Problem statement
Return the entries below word for word; no images should appear in the copy.

Excerpted records
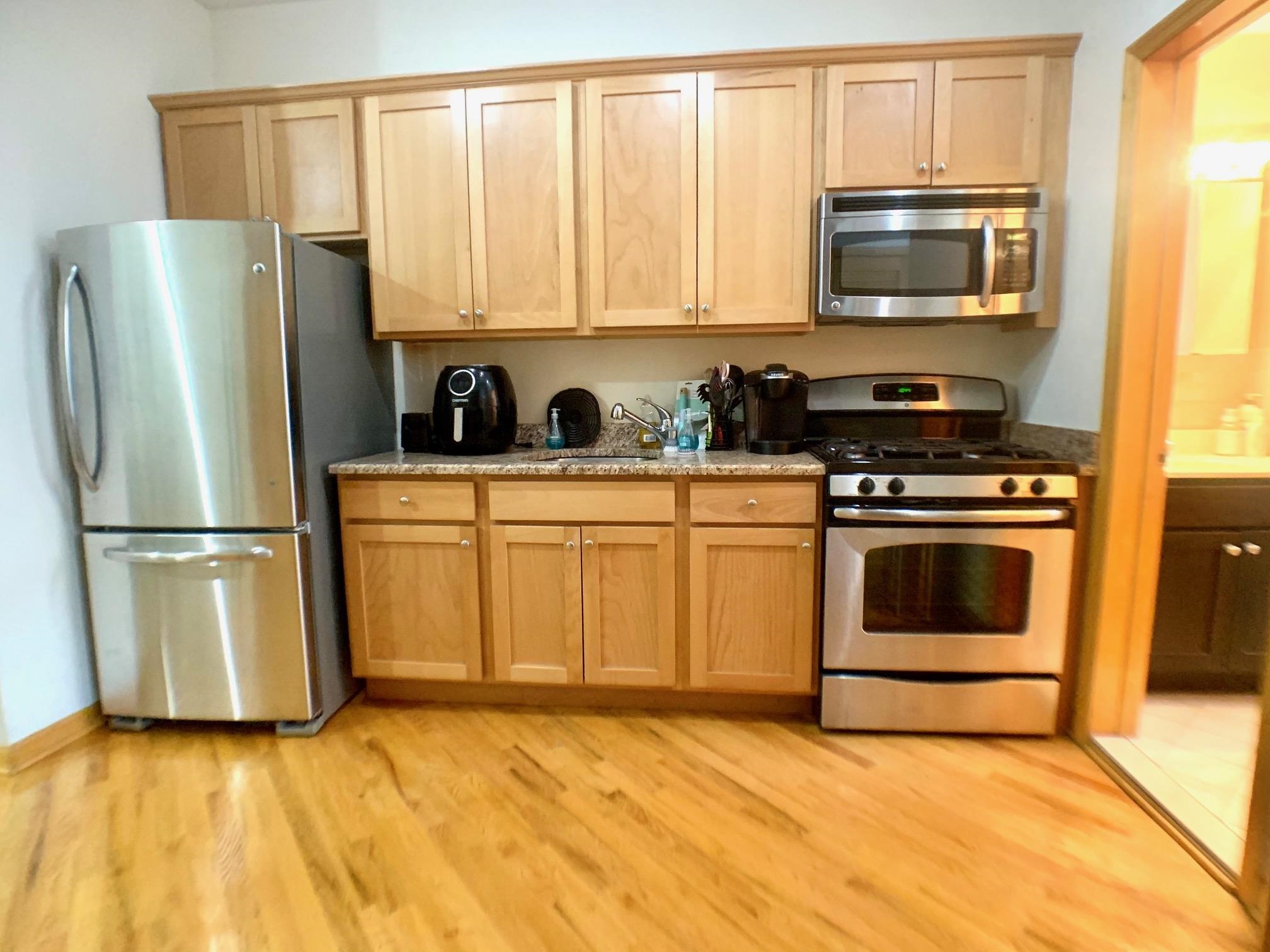 402 GRAND ST Unit: 3N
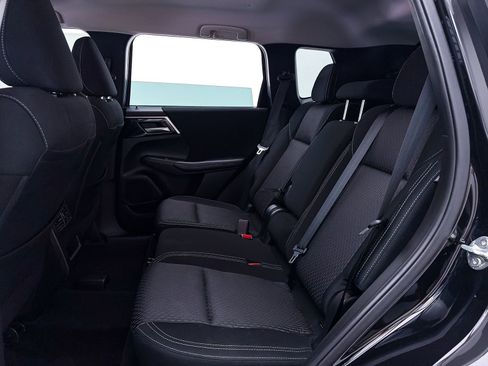 Used 2023 Mitsubishi Outlander ES FWD image 33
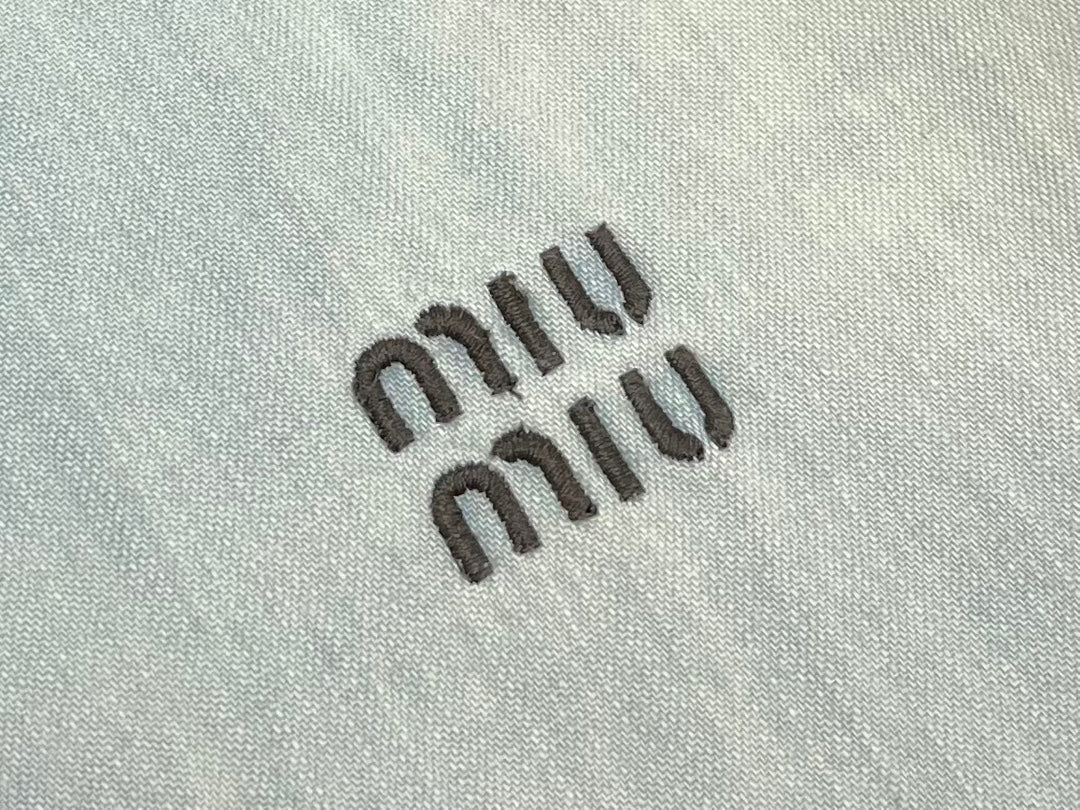 R공장 셀러/미우미우 첸브레 재킷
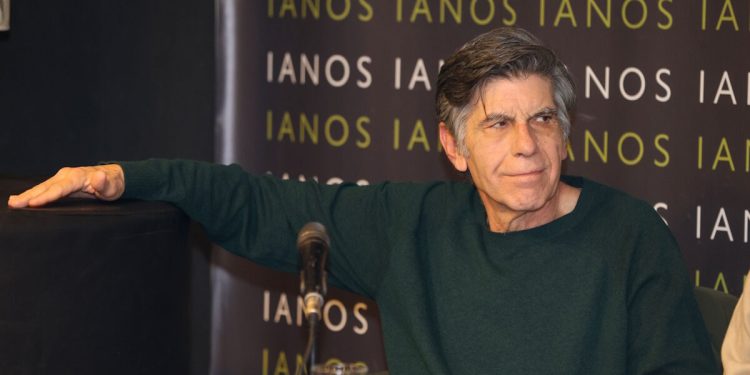 Γιάννης-Μπέζος:-«Έχω-μια-σχέση-“τόσο-–-όσο”-με-το-σούπερ-μάρκετ,-παίρνω-μόνο-τα-απολύτως-απαραίτητα»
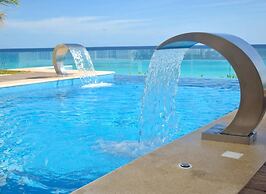 Oceanfront Studio Magnificent Views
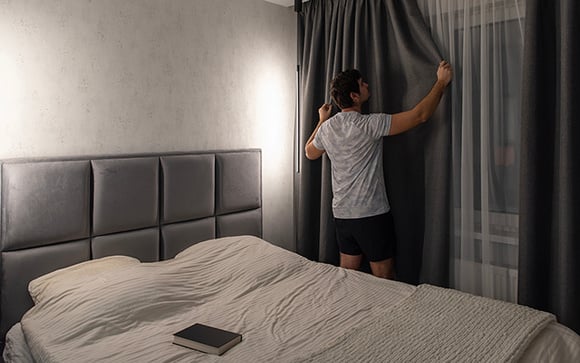 Pare de usar cortinas no quarto: 5 alternativas elegantes, originais e modernas para vestir suas janelas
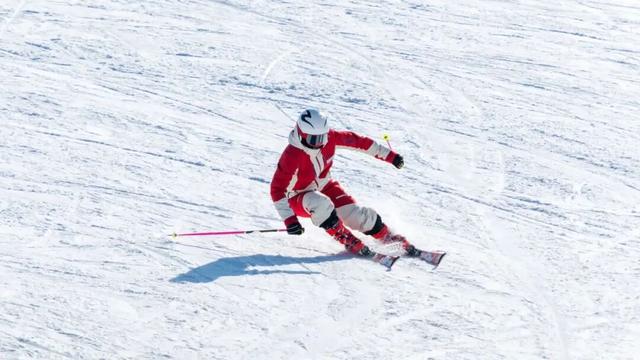 为了拿下万亿元冰雪季旅游订单，南北地区都抢疯了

Result of the exercise
 402 GRAND ST Unit: 3N
 Used 2023 Mitsubishi Outlander ES FWD image 33
 R공장 셀러/미우미우 첸브레 재킷
 Γιάννης-Μπέζος:-«Έχω-μια-σχέση-“τόσο-–-όσο”-με-το-σούπερ-μάρκετ,-παίρνω-μόνο-τα-απολύτως-απαραίτητα»
 Oceanfront Studio Magnificent Views
 Pare de usar cortinas no quarto: 5 alternativas elegantes, originais e modernas para vestir suas janelas
 为了拿下万亿元冰雪季旅游订单，南北地区都抢疯了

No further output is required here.